Caught in the pincer, the state government has directed the experts’ group to go to the public, especially in coastal areas, and elicit their opinion about the alternatives. A team of experts from IISc Prof TG Sitharam presented both the alternatives to Chief minister Siddaramaiah on Thursday. Sources privy to the presentation told media that the CM was convinced about the findings and told them that the government had no objection if people opt for it. Accordingly, the CM has reportedly directed the experts to hold a public consultation.
A senior official from the CM’s secretariat told BM, “About 25 TMC of water in Nethravathi river gets into the sea every week. On a monthly average, this accounts for 100 TMC. As all of us are aware, Nethravathi has considerable amount of water during the first three to four months of the monsoon. If a dam is built across to store that 300 to 350 TMC of water, it can be utilised for consumption in Bengaluru, Kolar or other regions of the state. This apart, the experts also suggested a desalination plant that would rid sea water of salts and supply it for potable purpose as practised in Hong Kong and Singapore.”
When Siddaramaiah questioned the scientists and experts about the cost involved, they reportedly said, “Constructing a dam and using the stored water would cost about Rs 30 to Rs 50 per thousand litres. Similarly, if the government goes in for a desalination project, it would cost anywhere between Rs 80 and Rs 100. It is advisable that rather than purifying the water later it is better to use it even before it reaches the sea by storing it in a reservoir.”

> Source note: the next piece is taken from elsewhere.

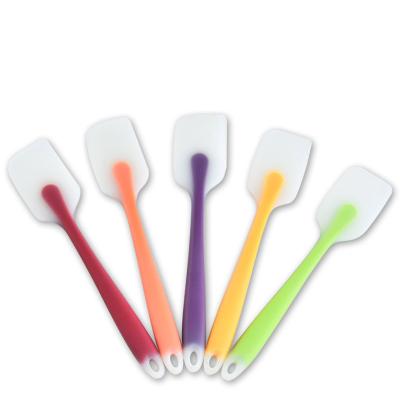 China Mini Food Grade Translucent Silicone Viable Custom Cake Spatula Non-Stick Baking Cream Spatula Set for sale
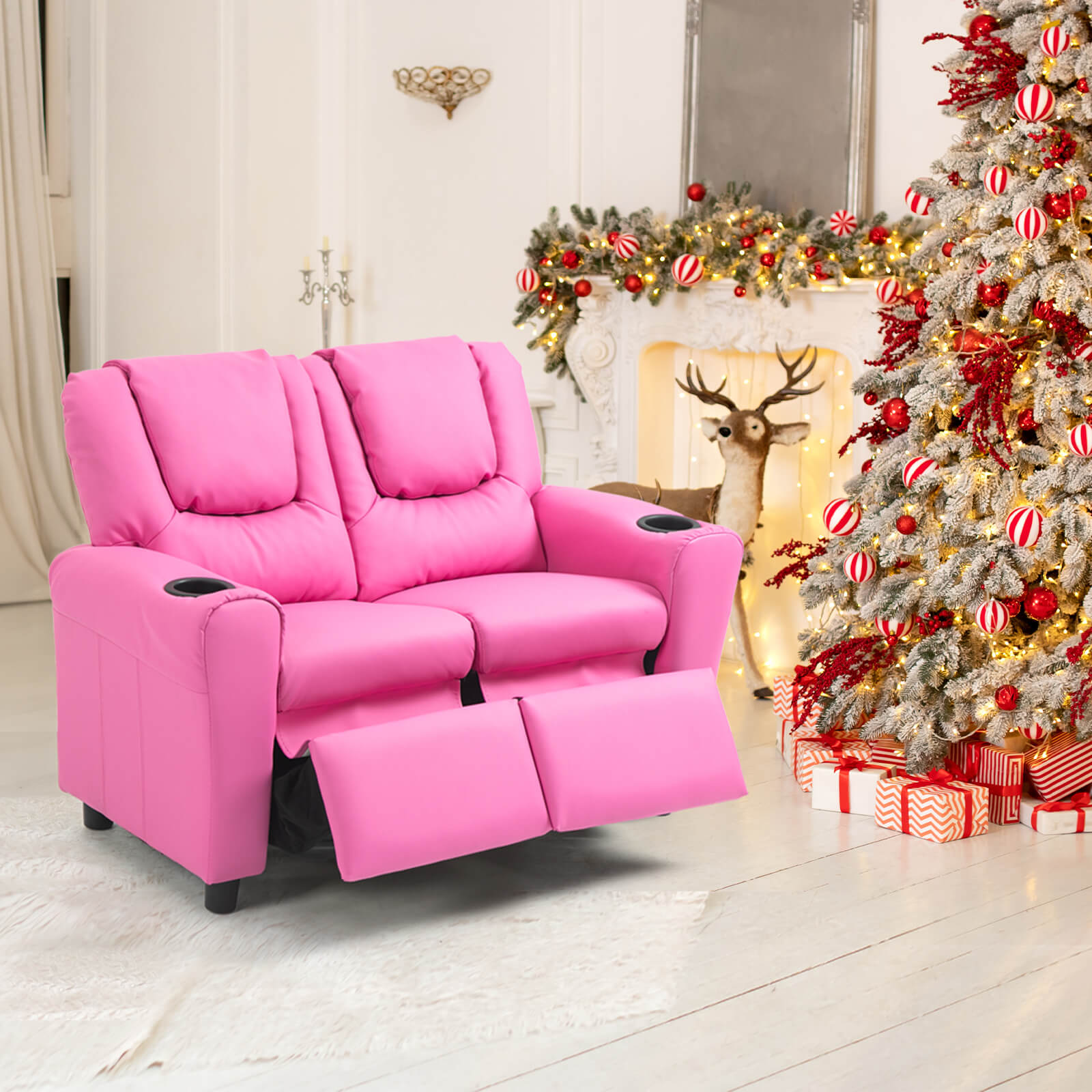 HOMREST Kids Recliner Chair, Double Kids Sofa Chair w/Cup Holder PU Leather, Toddler Loveseat Couch w/Adjustable Footrest & Headres for Boys Girls 3+ Age Group, Pink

On the sidelines of the meeting, Bengaluru in-charge minister KJ Geroge said, “The Chief Minister has directed the experts to go to the people in coastal areas and get public consent. Later on depending on the outcome, the government will take a decision.” The experts have also suggested that Netravathi empties into the Arabian Sea at three different points and at one point it is naturally feasible to store the excess water and utilise it for potable purposes.
As coastal Karnataka was up against the Nethravathi diversion project that would deprive coastal areas not only from potable water but would affect the unique eco-system and estuarine flora-fauna, the experts have proposed having a storage facility at the downstream of the river so that people on both the sides will benefit from the project.